Bianca would always remember her first kiss with Baldur. To get it, she had religiously observed her grandfather's instructions, given on her sixth birthday: 

"Bianchina, with my fortune and your brain, you will always be in a position of absolute privilege – the position to take what you want and have everyone respect your right. Mark my words: never allow an instant of doubt, never let anyone question your privilege!" 

Bianca met Baldur at a party and blithely laid siege to him.

After the party he walked her out into the street. I was checking out your ass, he claimed later, and she had flirted it off: Please! All her life she had walked in front of people, certain that they would follow, and they always had. But that night when they reached her chauffeured car and she waited for the obligatory door holding, she turned around to find the sidewalk empty. Baldur was gone – he was not the first person to rebel, to antagonize her, and as always when it happened, past the initial shock, she liked it. Savored it, this tingling elicited by the prospect of someone trying to break her rules. She badly wanted Baldur's kiss, but she ended up working for that kiss, more work and maneuvering than she had bargained for. But then Bianca would never have seriously considered a man who didn't make stark counter demands. Baldur Thoroddsen demanded stark honesty.

"If you are with me, you are with me, you don't fuck around." 

"Don't be so dramatic Baldur, we Italians are practical thinking people – we say one thing and do another and no one minds. It's more pleasant that way."

"Well, I like people who speak their minds. If you have something to say, say it, don't beat around the bakery."

"What bakery?" 

Bianca thought Baldur a fascinating man, the way he came strolling into her Milanese palazzo, oblivious to its magnificence. Your city cottage, he called it. He sat with casually whipping foot, while she posed below lacquered portraits and priceless chandeliers, pointing out all the grandness to him. He mostly looked amused. You don't know what grand is, he eventually informed her, rather tactfully, as if to soften the blow. And again Bianca experienced that pleasant tingling, a tingling that only intensified when he took her to Iceland and presented its cosmic landscape with a grunt of satisfaction. 

"This is grandness. This is my palazzo, where I grew up." He grinned: "And I don't bring many guests." 
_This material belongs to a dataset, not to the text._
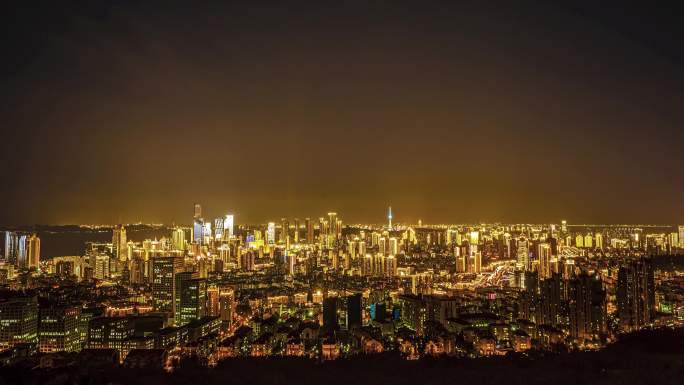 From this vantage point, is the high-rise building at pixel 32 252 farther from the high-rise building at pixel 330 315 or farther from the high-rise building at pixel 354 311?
the high-rise building at pixel 354 311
After that, there was no doubt he loved her, at least not in Bianca's mind. She began to arrange their marriage, and when the day came, he showed up the way he had shown up for everything else: offhand, amused. He didn't spare a single glance for the five hundred guests lining the benches of the Duomo, none for the fifty-person choir, the gold and crimson robes of the portly archbishop. Only Bianca in her cream gown, triumphant smile daring him to put up resistance – only she was worthy of his eyes. Baldur wasn't planning to run anywhere. He thought Bianca irresistible, especially when she hungered to impose her will. He didn't mind letting her have her way, not when both of them knew who had really set the terms. 

"First you marry me, woman," he had challenged back in Iceland, his lips a breath from hers. "Then maybe you get to kiss me."

They exchanged their first kiss in church, in front of five hundred guests. It went on for minutes, all lips and tongue, and her body in his grip. They spent the first year in a haze of sex, the next twenty in shouting matches. He drank his brains out and ranted about his wife's rotten family and business.

"You are a bunch of lying bloodsuckers! Keeping existential prisoners! I am going to put a fucking label on every piece of your fucking jewelry: made by people who live and shit and sleep in ghost factories, run by your maniac peasant friends! Don't you think you have enough fucking money? You need to squeeze out just a little more, so you can get just a little richer?"

"Baldur caro, you are always so emotional. Didn't I warn you, didn't I tell you so many times, we Italians are down to earth. We don't get primitive and drunk, we look reality in the face and we accept it. And sometimes, yes, reality is not so pleasant. And so? I don't see why you are making such a casino about it."

"Because I don't like to associate with killers, directly or indirectly! You realize your collaborators, as you call them, they have a day job and it's blowing people's brains out? Why do you think they call them the Tomatoes? You don't think that's worth making a fuss about?"

"Please, you are an artist caro, and this is business. Leave it to me! The Contis have been makers of jewelry for centuries, we have learned to stay afloat, one way or another, we cannot be so picky! We supplied the Medici, don't forget, and by the way, they were also murderers, with very good taste, this yes, but all the same, murderers. And anyway, what would you know about global competition? About pricing and distribution? About commercial survival?"

But their love was flexible, an acrobat. It always resurfaced in some odd shape, even when nearly distorted to hate.